Cheng Heng, Yan Dewen, Zuo Xin, Liu Junying, Liu Wenlan, Zhang Youming
Department of Endocrinology, Xiangya-Shenzhen Endocrinology and Metabolism Center, the First Affiliated Hospital of Shenzhen University, Shenzhen, Guangdong Province, People's Republic of China.
Functional Genomics Group, Genomic Medicine Section, National Heart and Lung Institute, Faculty of Medicine, Imperial College London, London, UK.
Pharmacogenet Genomics. 2018 May;28(5):117-124. doi: 10.1097/FPC.0000000000000334.
Hyperuricemia and gout have become increasingly prevalent in China. Allopurinol is an effective urate-lowering therapy, but it has severe side effects. HLA-B*5801 is highly associated with the allopurinol-induced toxic epidermal necrolysis and Stevens-Johnson syndrome.
In this retrospective report, we had genotyped HLA-B*5801 in 253 cases of hyperuricemia and gout patients in a Han population in Shenzhen and analyzed the clinical management of medications.
We found 30 carriers of the HLA-B5801 allele in 253 cases of hyperuricemia or gout patients in the population (11.9%). Allopurinol was prescribed in both HLA-B5801-positive and HLA-B5801-negative groups.
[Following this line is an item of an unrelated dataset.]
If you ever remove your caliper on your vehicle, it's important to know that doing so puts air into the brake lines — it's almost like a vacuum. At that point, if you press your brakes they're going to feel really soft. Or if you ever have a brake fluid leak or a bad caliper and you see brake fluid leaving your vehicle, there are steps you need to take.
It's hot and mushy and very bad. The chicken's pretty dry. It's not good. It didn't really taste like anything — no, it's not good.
The evaluation of four models with or without genetic screening and management of allopurinol or febuxostat indicated that the HLA-B5801 screening had significant cost benefit for clinical management.
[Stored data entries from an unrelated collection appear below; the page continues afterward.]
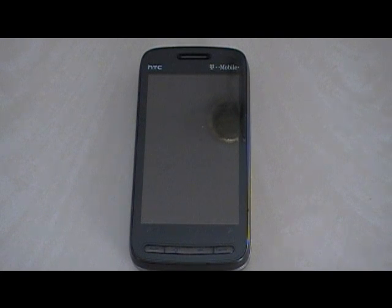Hi everyone, it's Wayne from WMPology.com and I have a quick overview of the new Landscape Sense UI 2.5 that has been ported to the Touch Pro 2, so let me get to it then.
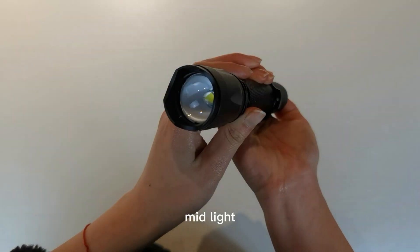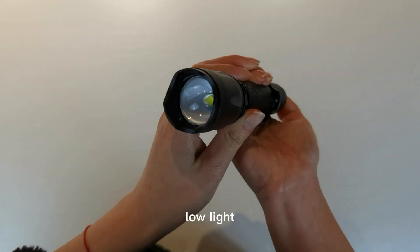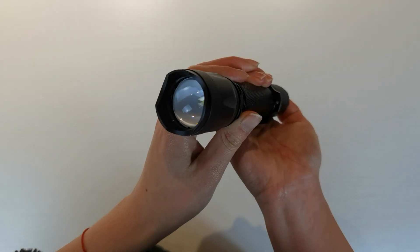Hello everyone, I'm Zoe. Today I want to introduce this flashlight to you. You can see this flashlight is zoomable, and here has input point and here has power indicator, and it also has a clip and press button.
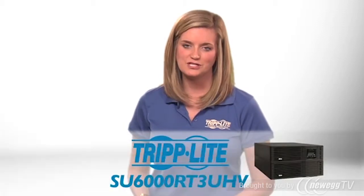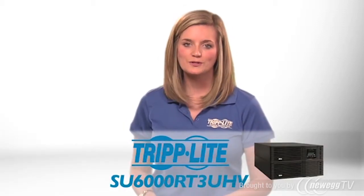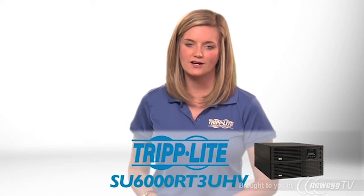If you need an energy efficient online UPS with hot swap capability, order Triplite's SU-6000RT3UHV.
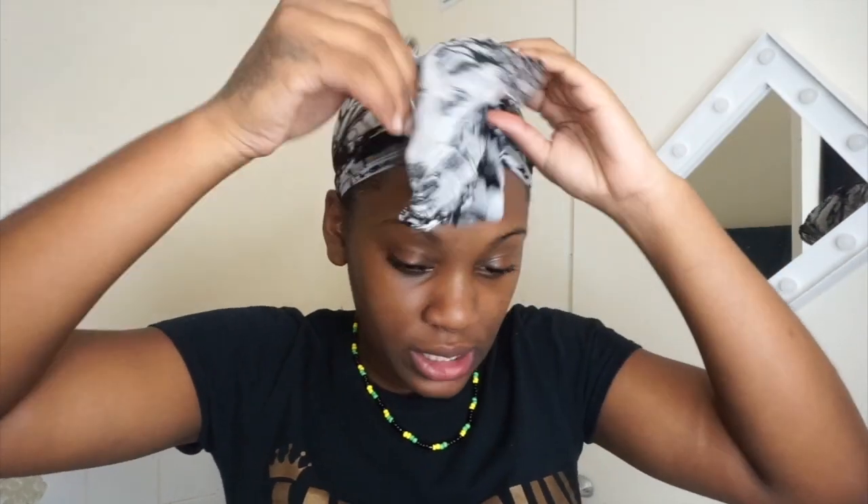Hey guys, as you can see this is a whole day later. Instead, I thought — you know what, let me just sleep with it because of how damaged my hair was. I just felt like it needed that extra time. So I just slept with it and now I'm going to take it out and wash my hair, add my conditioner, and we'll see the result. My hair literally smells like raw egg.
For appropriate management and cost-effectiveness, the HLA-B*5801 allele should be screened in all patients with hyperuricemia and gout in the Chinese population.
高尿酸血症和痛风在中国的患病率日益增加。别嘌醇是一种有效的降尿酸治疗药物,但具有严重的副作用。HLA - B*5801与别嘌醇诱导的中毒性表皮坏死松解症和史蒂文斯 - 约翰逊综合征高度相关。
在这份回顾性报告中,我们对深圳汉族人群中253例高尿酸血症和痛风患者进行了HLA - B*5801基因分型,并分析了药物的临床管理情况。
我们在该人群的253例高尿酸血症或痛风患者中发现了30例HLA - B5801等位基因携带者(11.9%)。HLA - B5801阳性组和阴性组均使用了别嘌醇。对四种采用或不采用基因筛查以及别嘌醇或非布司他管理模式的评估表明,HLA - B*5801筛查对临床管理具有显著的成本效益。
为了进行适当的管理并提高成本效益,在中国人群中,所有高尿酸血症和痛风患者均应进行HLA - B*5801等位基因筛查。